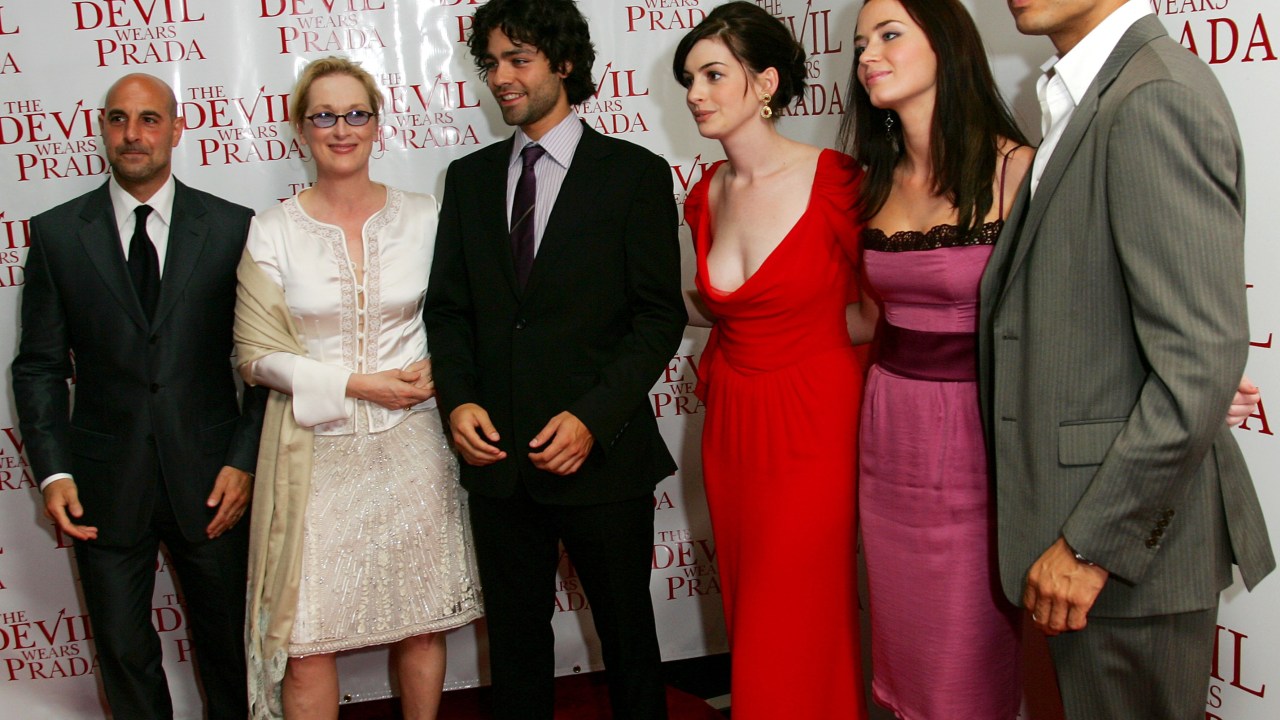 Ator de ‘Diabo Veste Prada’ não retorna para nova sequência do filme Elenco principal de 'Diabo Veste Prada' no lançamento do filme, em 2006 (Foto: Evan Agostini/Getty Images)
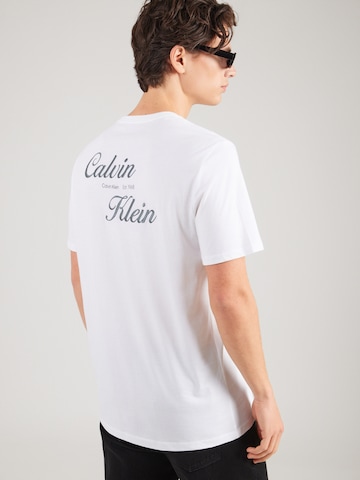 Calvin Klein Jeans regular Μπλουζάκι σε λευκό: μπροστά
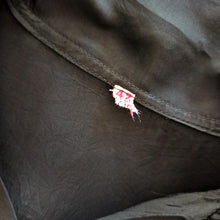 Charger l'image dans la galerie, 1940s 1950s - Exquisite Pure Black Silk Blouse - W35 (88cm)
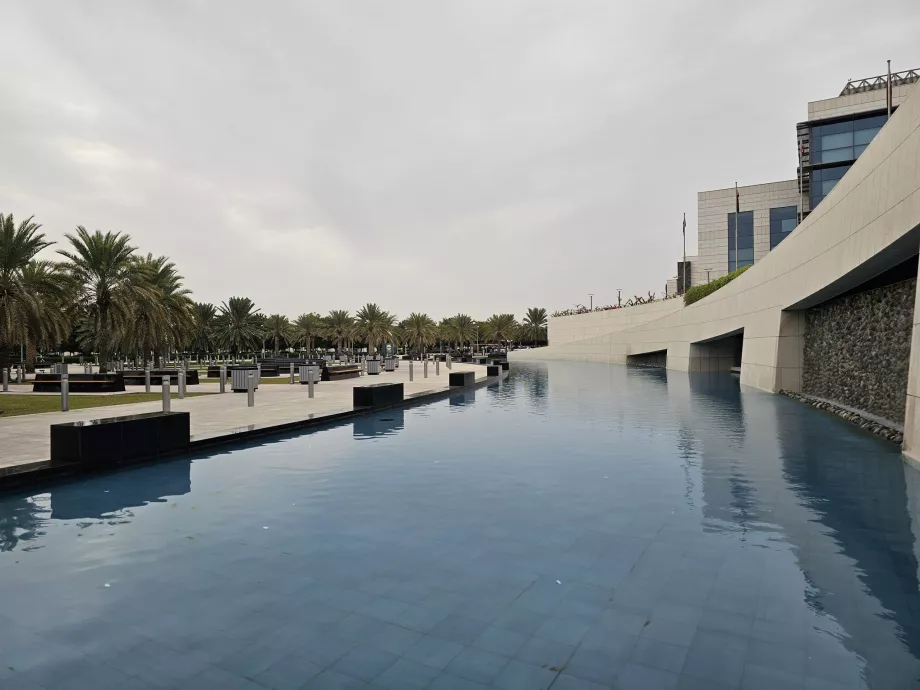 Parkir di depan bandara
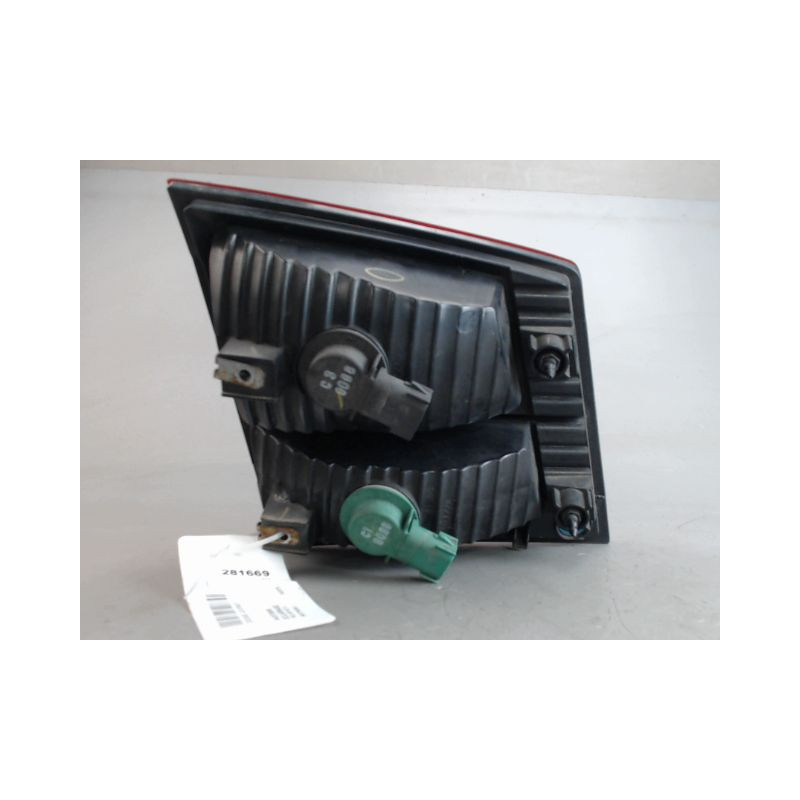 FEU ARRIERE INTERIEUR DROIT DODGE JOURNEY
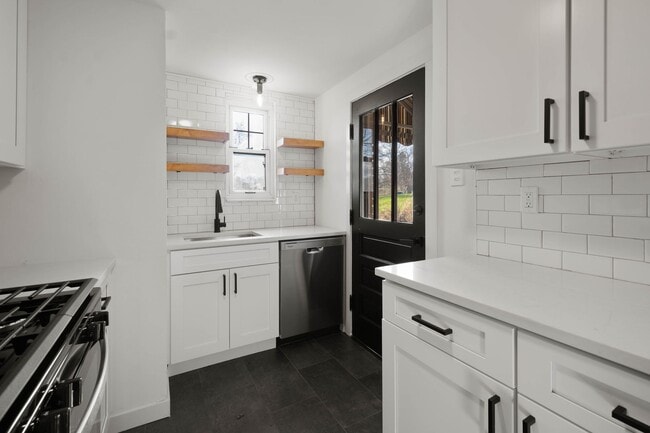 Building Photo - Move in TODAY! Check out this beautifully RENOVATED 3 bedroom in CHURCHILL!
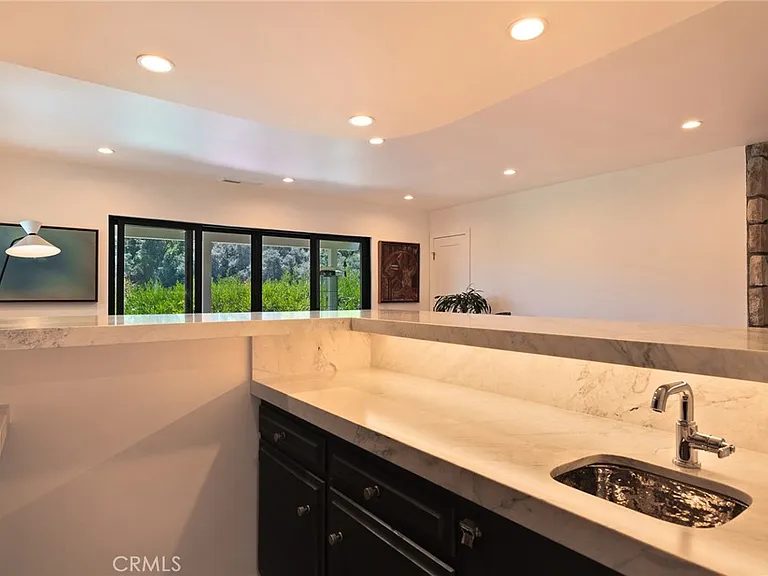 1310 J Lee Cir — Photo 16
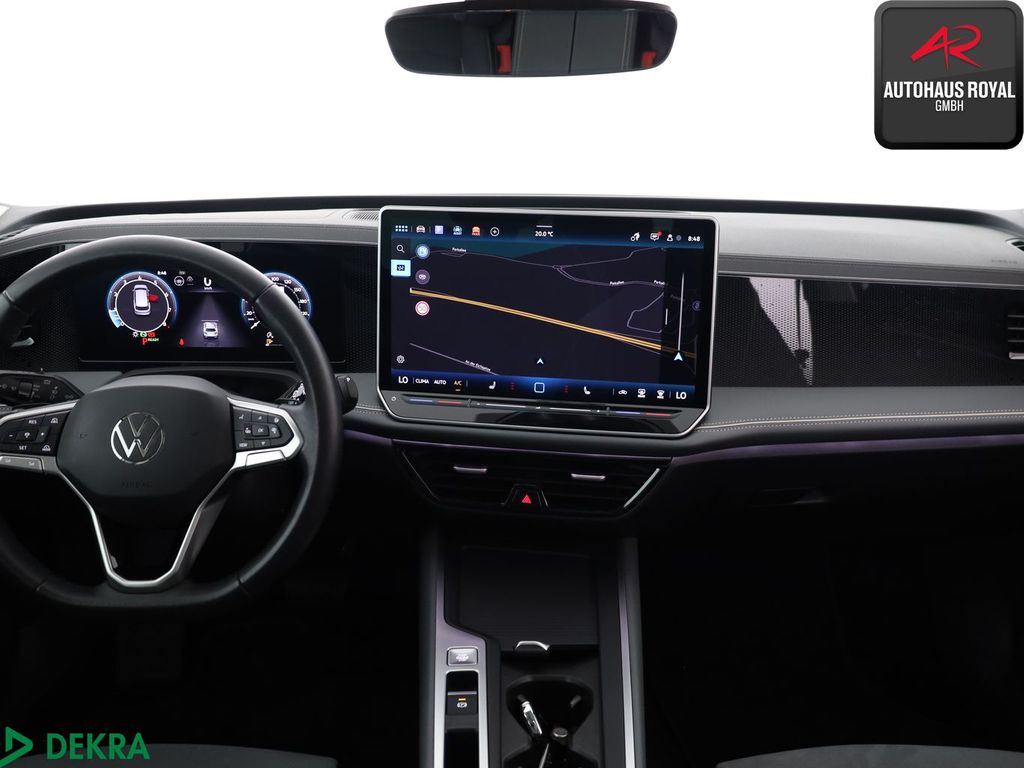 Volkswagen Passat 2024 г. Белый, пробег 23417 км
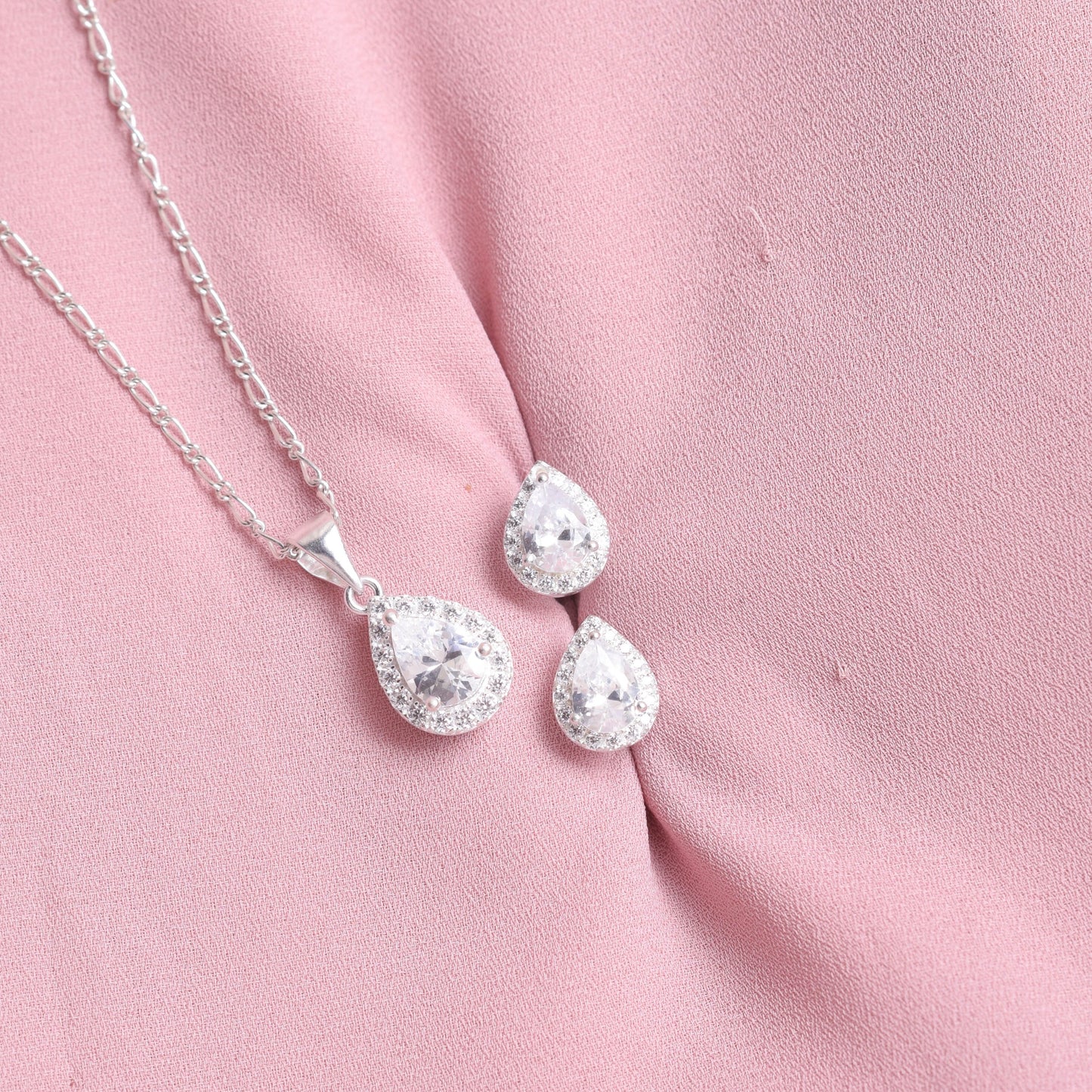 Juego gota con circon blanco - Plata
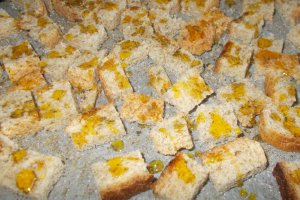 Salata de pui in crusta de cocos si crutoane picante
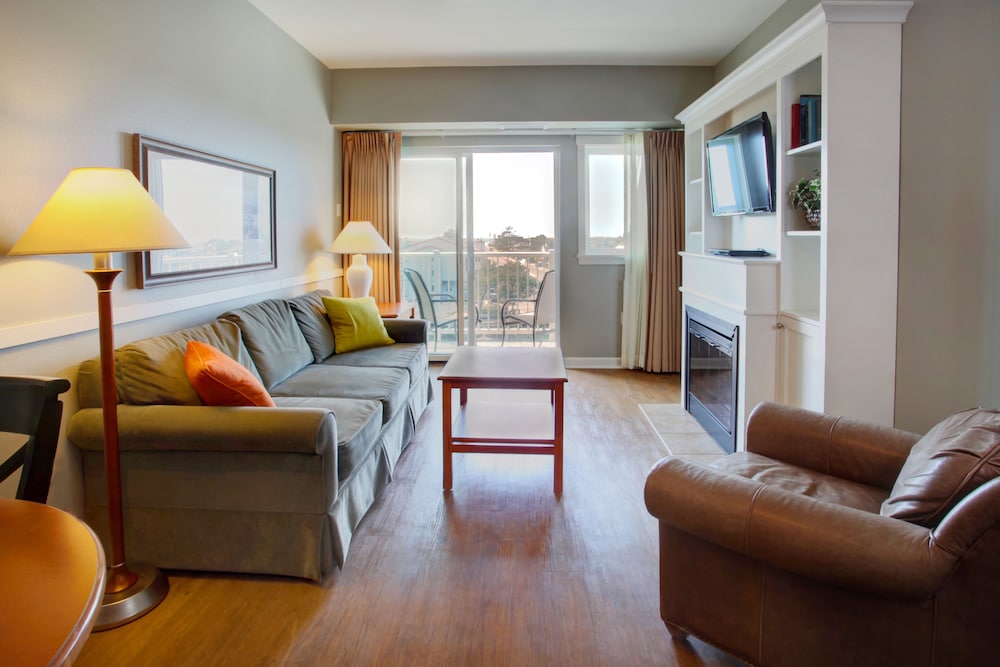 Suite, 2 Bedrooms, Mountain View photo 1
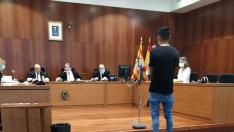 El único adulto de los cuatro asaltantes, ayer, durante el juicio celebrado en la Audiencia de Zaragoza.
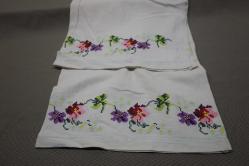 ÇİÇEK İŞLEMELİ ETAMİN YASTIK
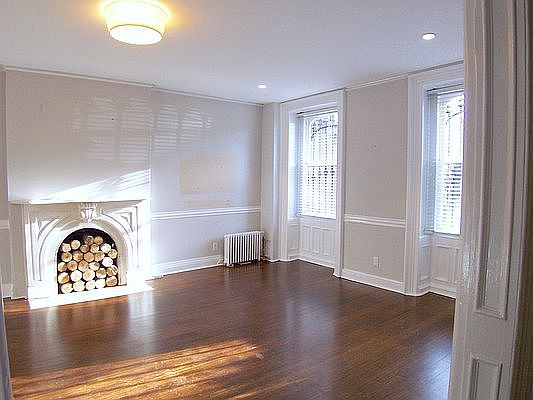 1st image of 223 Clermont Ave
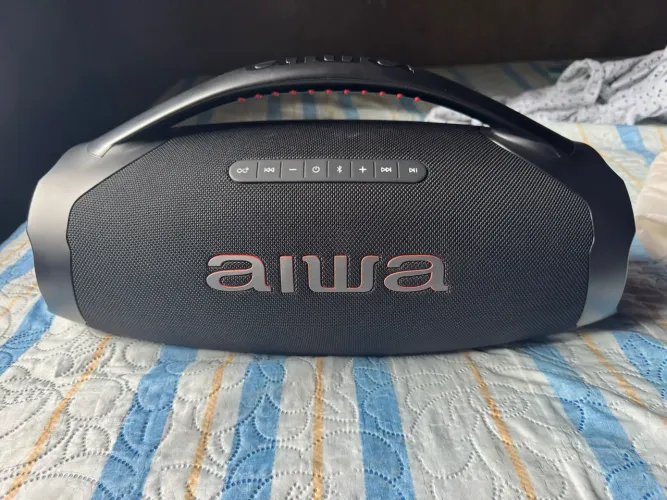 Aiwa bombox plus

_ _ _ _

WORK ITEM - Going from the line that holds "Building Photo - Move" to the end of the listing above, copy each line exactly and nothing more, leaving pictures aside.

TASK RESULT -
 Building Photo - Move in TODAY! Check out this beautifully RENOVATED 3 bedroom in CHURCHILL!
 1310 J Lee Cir — Photo 16
 Volkswagen Passat 2024 г. Белый, пробег 23417 км
 Juego gota con circon blanco - Plata
 Salata de pui in crusta de cocos si crutoane picante
 Suite, 2 Bedrooms, Mountain View photo 1
 El único adulto de los cuatro asaltantes, ayer, durante el juicio celebrado en la Audiencia de Zaragoza.
 ÇİÇEK İŞLEMELİ ETAMİN YASTIK
 1st image of 223 Clermont Ave
 Aiwa bombox plus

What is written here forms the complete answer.